If you’re a currency trader who still thinks the Bank of Japan cares about optics, you haven’t been watching the USDJPY tape. The yen’s been on a one-way train to Weaksville for months, and now, with USDJPY camped out at $159.22, the only thing more stubborn than the BOJ’s refusal to hike rates is the market’s refusal to believe they ever will.
Let’s be clear: the number flashing on your screen isn’t a typo. The yen is trading at levels not seen since the 1980s, and the BOJ’s latest round of jawboning has landed with all the force of a wet noodle. The market is daring Kanda and Ueda to do something, anything, besides issuing sternly worded statements. But as the rest of the world’s central banks go full hawk, Tokyo’s still stuck in the monetary equivalent of Groundhog Day.
The news cycle hasn’t helped. With the Fed, ECB, BOE, and even the famously inert SNB all signaling hawkishness in the wake of the Iran conflict, the yen’s role as a funding currency looks more entrenched than ever. Futures positioning shows the carry trade is not just alive but thriving, with leveraged funds net short yen at the highest levels since 2015, according to CFTC data. The last time the yen was this weak, Japan was still inventing the Walkman.
It’s not that Japan’s macro data is a disaster. Inflation is finally above target, and wage growth is stirring. But the BOJ’s credibility problem is now structural. Every time Ueda hints at a rate hike, the market shrugs. Every time the Ministry of Finance threatens intervention, the algos yawn. The only thing that seems to matter is the big round number: 160.
The context here is global. The yen’s slide is not just about Japan. It’s about a world where every other central bank is terrified of imported inflation, and the yen is the sacrificial lamb. The Iran war risk has only made things worse, as oil importers like Japan get squeezed by both higher energy costs and a weaker currency. The fact that WTI is stuck at $3.11 (yes, you read that right, but the price is clearly stale or misquoted) only adds to the sense of unreality.

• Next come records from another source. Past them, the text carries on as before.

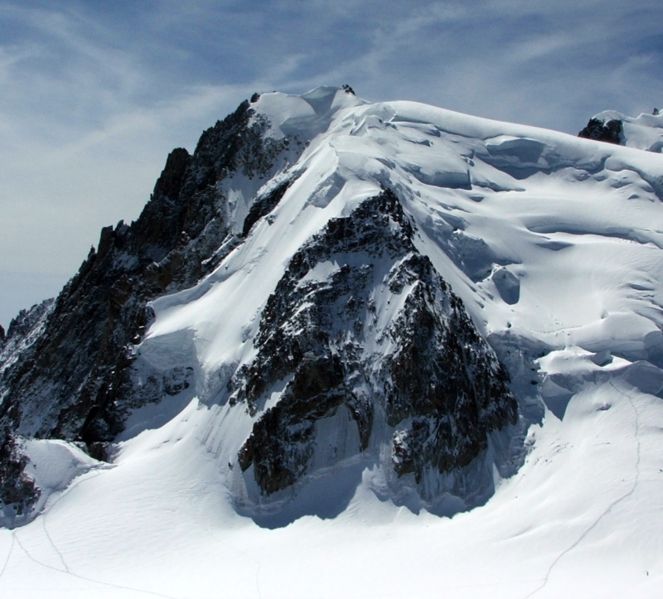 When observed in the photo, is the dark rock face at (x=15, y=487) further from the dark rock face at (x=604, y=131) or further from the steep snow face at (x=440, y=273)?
the dark rock face at (x=604, y=131)

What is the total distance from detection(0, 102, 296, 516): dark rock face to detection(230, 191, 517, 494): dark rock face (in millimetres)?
8545

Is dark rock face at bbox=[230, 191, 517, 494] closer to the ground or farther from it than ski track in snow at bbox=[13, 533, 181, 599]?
farther from it

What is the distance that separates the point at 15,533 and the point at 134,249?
31.0 meters

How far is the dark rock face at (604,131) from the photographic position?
70625 mm

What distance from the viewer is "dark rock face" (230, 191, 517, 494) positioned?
133ft

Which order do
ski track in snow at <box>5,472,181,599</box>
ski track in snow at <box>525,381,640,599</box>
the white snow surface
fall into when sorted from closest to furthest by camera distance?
ski track in snow at <box>525,381,640,599</box> < ski track in snow at <box>5,472,181,599</box> < the white snow surface

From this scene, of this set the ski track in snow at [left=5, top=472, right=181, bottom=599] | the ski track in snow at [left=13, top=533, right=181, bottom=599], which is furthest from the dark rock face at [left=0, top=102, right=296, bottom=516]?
the ski track in snow at [left=13, top=533, right=181, bottom=599]

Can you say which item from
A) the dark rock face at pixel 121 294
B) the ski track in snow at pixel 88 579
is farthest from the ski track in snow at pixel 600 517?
the dark rock face at pixel 121 294

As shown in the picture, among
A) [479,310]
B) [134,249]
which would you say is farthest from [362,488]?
[134,249]

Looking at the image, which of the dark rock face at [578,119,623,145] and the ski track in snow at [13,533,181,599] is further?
the dark rock face at [578,119,623,145]

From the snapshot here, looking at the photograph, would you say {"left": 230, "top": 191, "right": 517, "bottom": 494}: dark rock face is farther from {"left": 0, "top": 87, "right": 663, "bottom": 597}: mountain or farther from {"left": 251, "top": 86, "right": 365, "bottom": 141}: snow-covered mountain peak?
{"left": 251, "top": 86, "right": 365, "bottom": 141}: snow-covered mountain peak

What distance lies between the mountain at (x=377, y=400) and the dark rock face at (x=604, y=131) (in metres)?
11.7

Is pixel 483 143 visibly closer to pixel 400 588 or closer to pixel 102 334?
pixel 102 334

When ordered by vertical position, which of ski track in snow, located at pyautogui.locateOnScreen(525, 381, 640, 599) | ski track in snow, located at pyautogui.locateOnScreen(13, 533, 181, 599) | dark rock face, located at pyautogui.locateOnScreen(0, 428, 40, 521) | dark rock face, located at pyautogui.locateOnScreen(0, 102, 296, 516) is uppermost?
dark rock face, located at pyautogui.locateOnScreen(0, 102, 296, 516)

Cross-asset flows tell the real story. Japanese equities have been on a tear, but only in yen terms. Foreign investors are hedging out currency risk, and the Nikkei’s rally is a mirage for anyone not based in Tokyo. Meanwhile, Japanese government bonds are still anchored near zero, and the yield curve is as flat as a sushi mat.

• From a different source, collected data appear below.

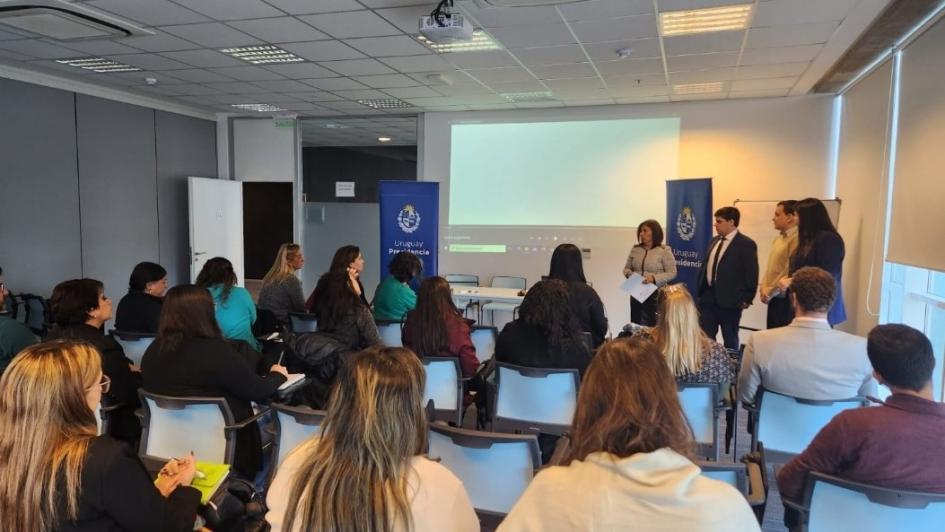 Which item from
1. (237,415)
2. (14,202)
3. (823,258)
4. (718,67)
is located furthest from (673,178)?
(14,202)

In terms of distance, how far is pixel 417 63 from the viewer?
5.22 m

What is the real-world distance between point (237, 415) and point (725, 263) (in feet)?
13.4

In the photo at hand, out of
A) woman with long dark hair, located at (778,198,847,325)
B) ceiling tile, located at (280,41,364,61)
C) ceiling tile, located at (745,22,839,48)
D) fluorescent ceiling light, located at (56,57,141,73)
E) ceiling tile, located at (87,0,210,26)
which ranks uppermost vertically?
ceiling tile, located at (745,22,839,48)

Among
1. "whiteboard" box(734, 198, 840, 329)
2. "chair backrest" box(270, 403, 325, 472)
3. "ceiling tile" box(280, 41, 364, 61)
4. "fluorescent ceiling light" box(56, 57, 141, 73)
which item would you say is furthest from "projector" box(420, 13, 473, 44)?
"whiteboard" box(734, 198, 840, 329)

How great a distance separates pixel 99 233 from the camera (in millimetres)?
6691

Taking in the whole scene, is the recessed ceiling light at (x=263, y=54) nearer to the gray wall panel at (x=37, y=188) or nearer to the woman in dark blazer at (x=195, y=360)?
the gray wall panel at (x=37, y=188)

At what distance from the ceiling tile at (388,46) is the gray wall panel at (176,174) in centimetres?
415

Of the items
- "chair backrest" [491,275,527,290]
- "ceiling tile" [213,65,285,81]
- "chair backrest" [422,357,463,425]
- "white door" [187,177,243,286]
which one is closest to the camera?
"chair backrest" [422,357,463,425]

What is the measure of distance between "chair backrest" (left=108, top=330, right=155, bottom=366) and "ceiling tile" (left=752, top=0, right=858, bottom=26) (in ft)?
14.6

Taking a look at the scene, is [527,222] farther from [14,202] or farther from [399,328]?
[14,202]

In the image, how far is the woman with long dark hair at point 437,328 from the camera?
3.35m

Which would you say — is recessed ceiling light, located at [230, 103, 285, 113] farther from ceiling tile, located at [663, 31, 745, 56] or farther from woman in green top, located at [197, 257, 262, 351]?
ceiling tile, located at [663, 31, 745, 56]

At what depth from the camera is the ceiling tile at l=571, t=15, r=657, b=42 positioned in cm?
399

The technicals are almost comical. USDJPY has been grinding higher in a near-perfect channel for months, with every dip bought and every spike above 159 met with a brief pause before the next leg up. RSI is overbought, but that hasn’t stopped anyone since 2023. The 200-day moving average is a distant memory, and the only resistance left is psychological.
Strykr Watch
The number to watch is 160. If USDJPY breaks above that level, all bets are off. The BOJ has intervened at these levels before, but the market is calling their bluff. Support sits at 158, but there’s not much conviction there. Momentum indicators are stretched, but the carry trade remains the dominant force. If you’re looking for a reversal, you’ll need to see actual intervention, not just talk. Until then, the path of least resistance is higher.
What could go wrong? The obvious risk is a surprise BOJ move, either an actual rate hike or direct FX intervention. But after so many false alarms, the market is numb. The bigger risk is exogenous: a sudden spike in oil prices if the Strait of Hormuz closes, or a global risk-off event that forces a rush to safety. In that scenario, the yen could rip higher in a classic short squeeze. But until then, the pain trade is up.
For traders, the opportunity is clear. As long as the BOJ remains on hold, the carry trade is king. Long USDJPY with a tight stop below 158 makes sense, with a target at 162 if the BOJ stays asleep. If intervention comes, be ready to flip short for a quick 2-3 yen move. But don’t expect the BOJ to save you from your own positioning. They haven’t so far.
Strykr Take
The yen is the market’s favorite punching bag, and the BOJ is the world’s most reliable counterparty. Until that changes, fading the jawboning and riding the trend is the only game in town. Just keep one eye on 160, and the other on your stop loss.